• **Task to carry out**
Work through the data and report how many lines include the string "intel", giving the number alone.

Captioned web image data:
============================================================

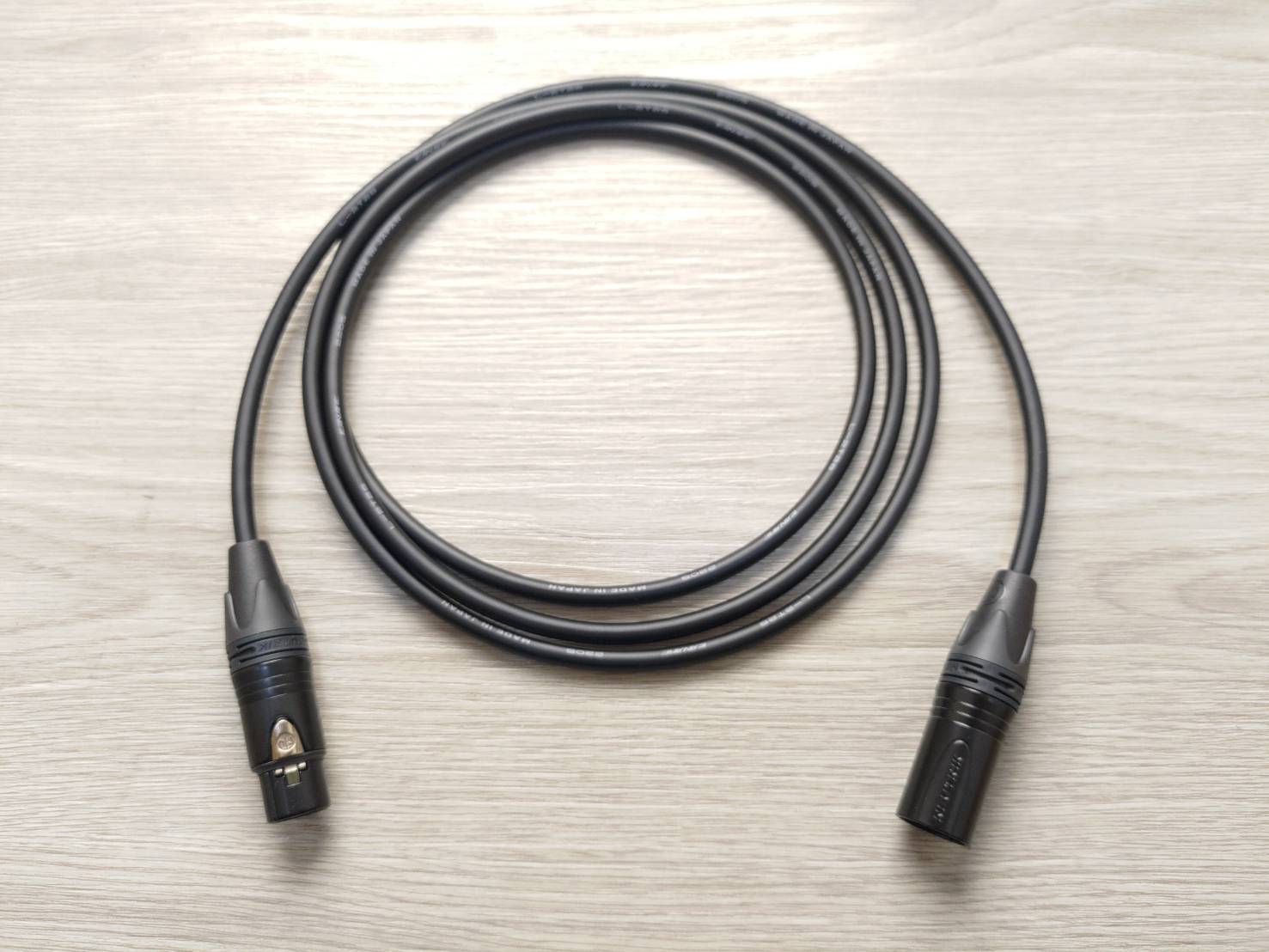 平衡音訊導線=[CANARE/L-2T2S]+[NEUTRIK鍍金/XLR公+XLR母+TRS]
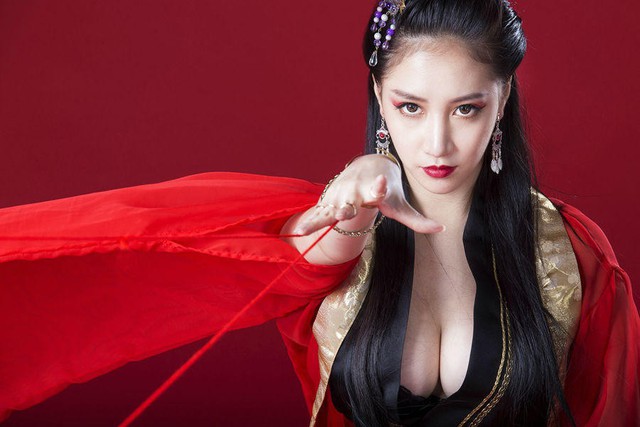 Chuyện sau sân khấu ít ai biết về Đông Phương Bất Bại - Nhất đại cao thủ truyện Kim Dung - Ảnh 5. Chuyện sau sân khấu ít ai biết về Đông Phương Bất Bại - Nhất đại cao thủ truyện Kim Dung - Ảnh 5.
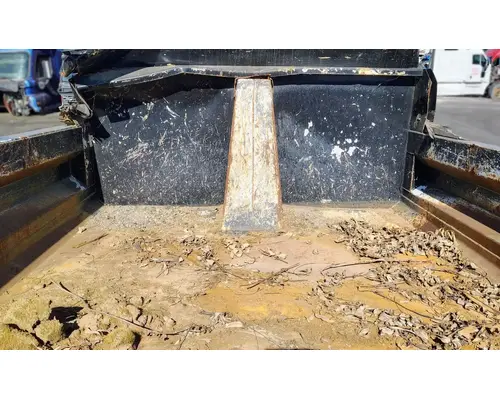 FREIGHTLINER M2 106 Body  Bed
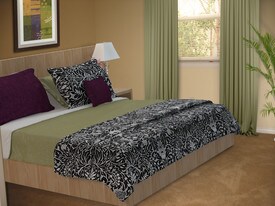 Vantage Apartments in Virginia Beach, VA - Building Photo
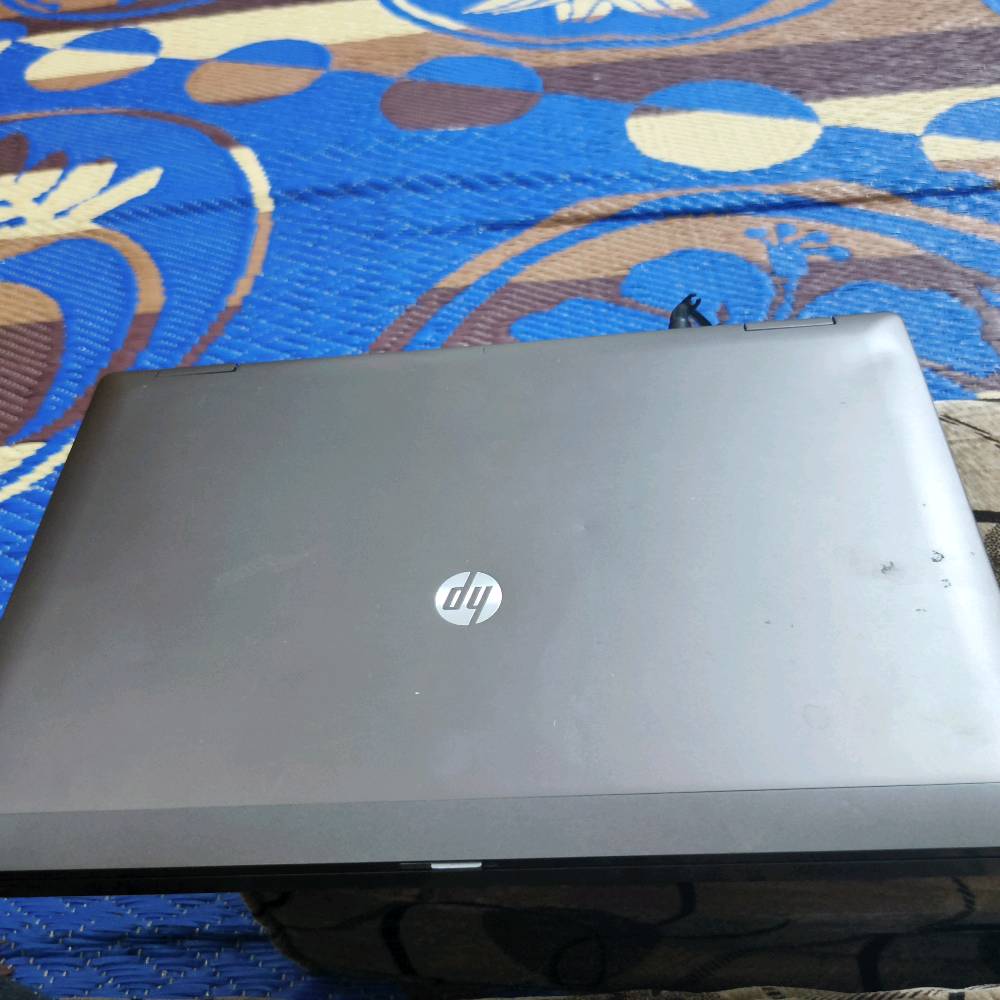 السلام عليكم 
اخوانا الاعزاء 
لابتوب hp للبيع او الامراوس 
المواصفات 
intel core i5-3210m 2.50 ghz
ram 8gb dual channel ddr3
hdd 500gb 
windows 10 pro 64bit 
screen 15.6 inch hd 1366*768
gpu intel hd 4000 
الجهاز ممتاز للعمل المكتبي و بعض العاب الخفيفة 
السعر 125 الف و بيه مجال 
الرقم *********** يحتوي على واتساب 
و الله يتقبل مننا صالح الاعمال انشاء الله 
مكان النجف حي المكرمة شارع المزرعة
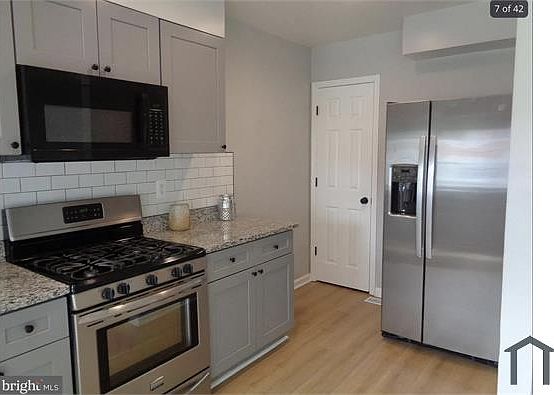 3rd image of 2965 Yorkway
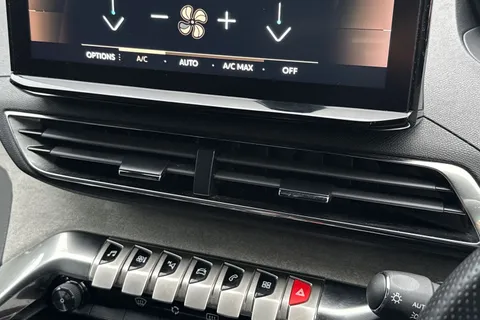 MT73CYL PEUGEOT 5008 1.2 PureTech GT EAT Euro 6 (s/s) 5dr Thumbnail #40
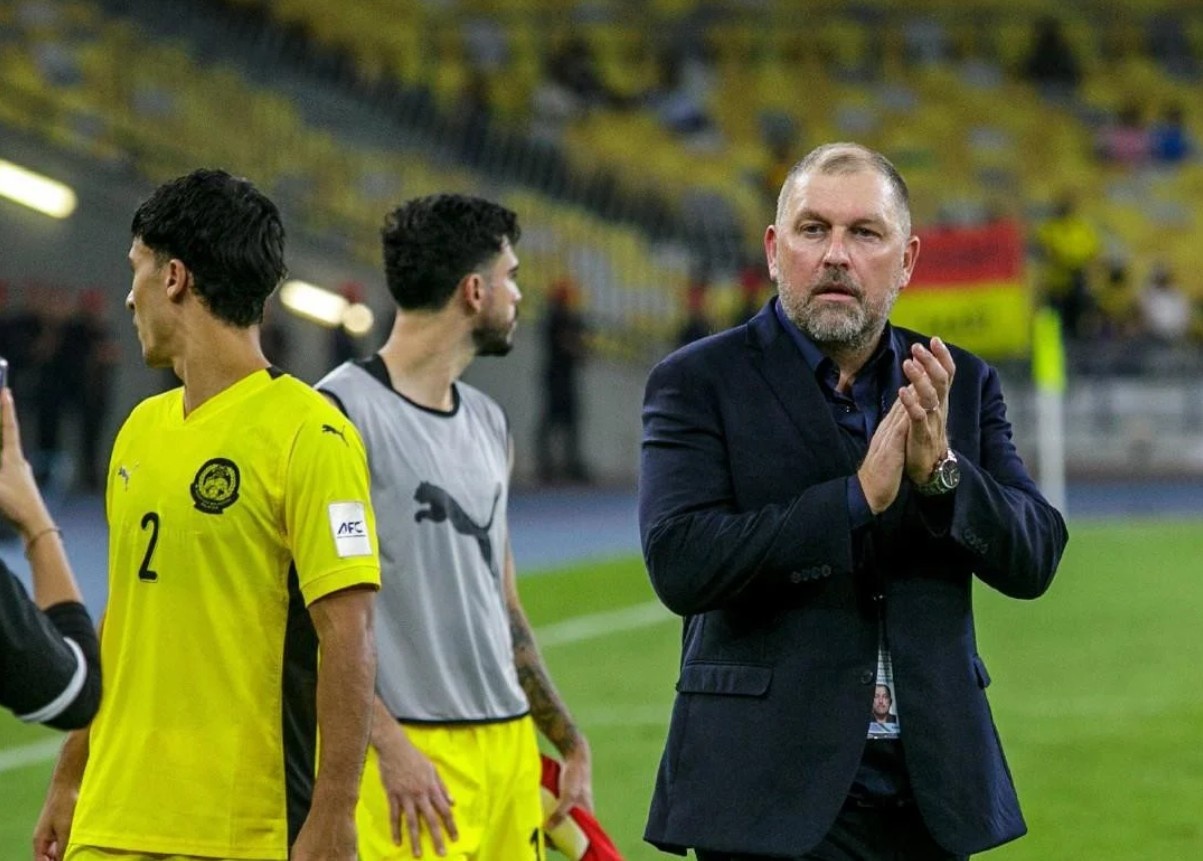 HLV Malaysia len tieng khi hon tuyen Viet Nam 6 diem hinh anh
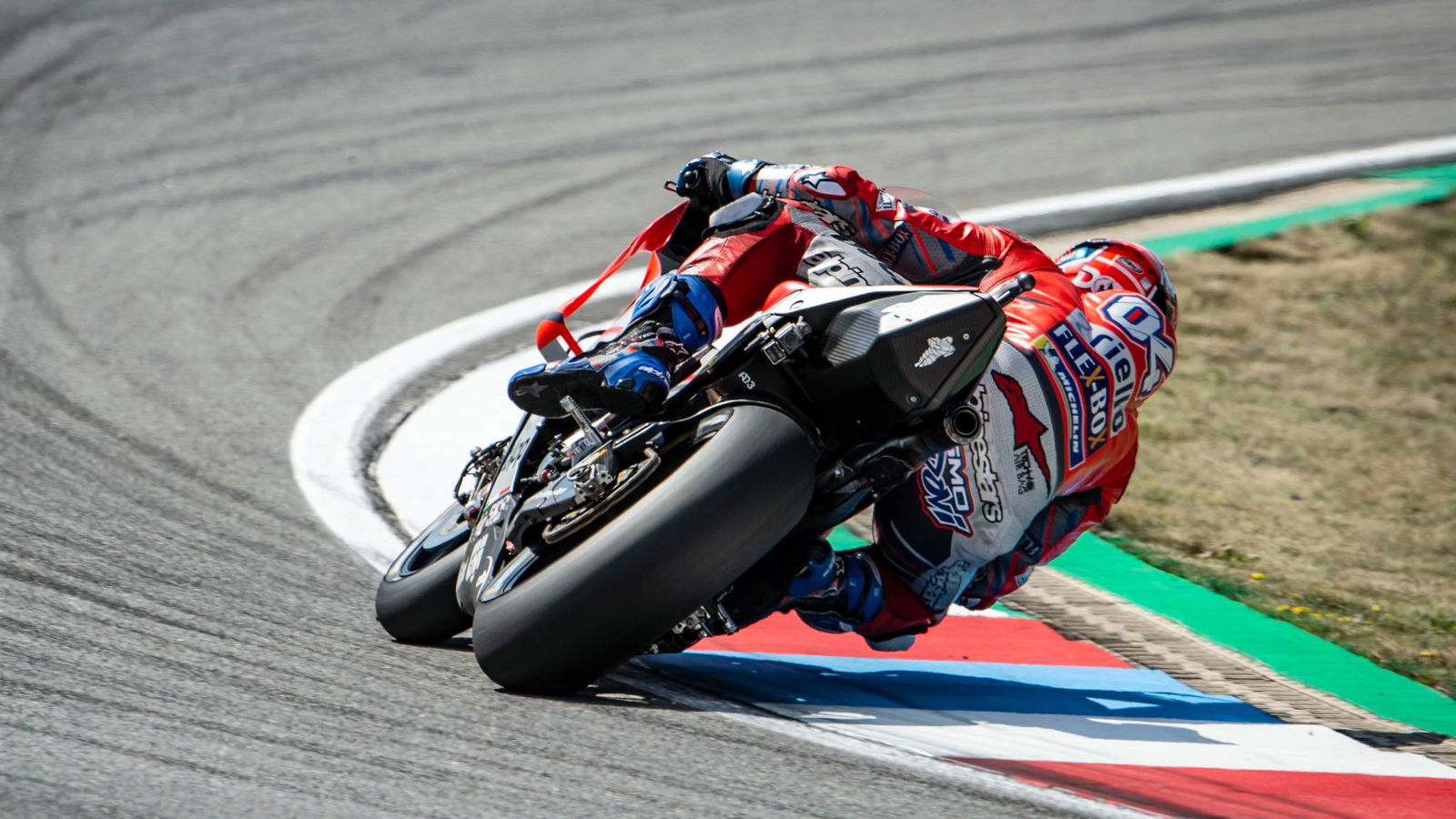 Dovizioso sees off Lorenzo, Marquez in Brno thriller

============================================================

• **Task solution**
2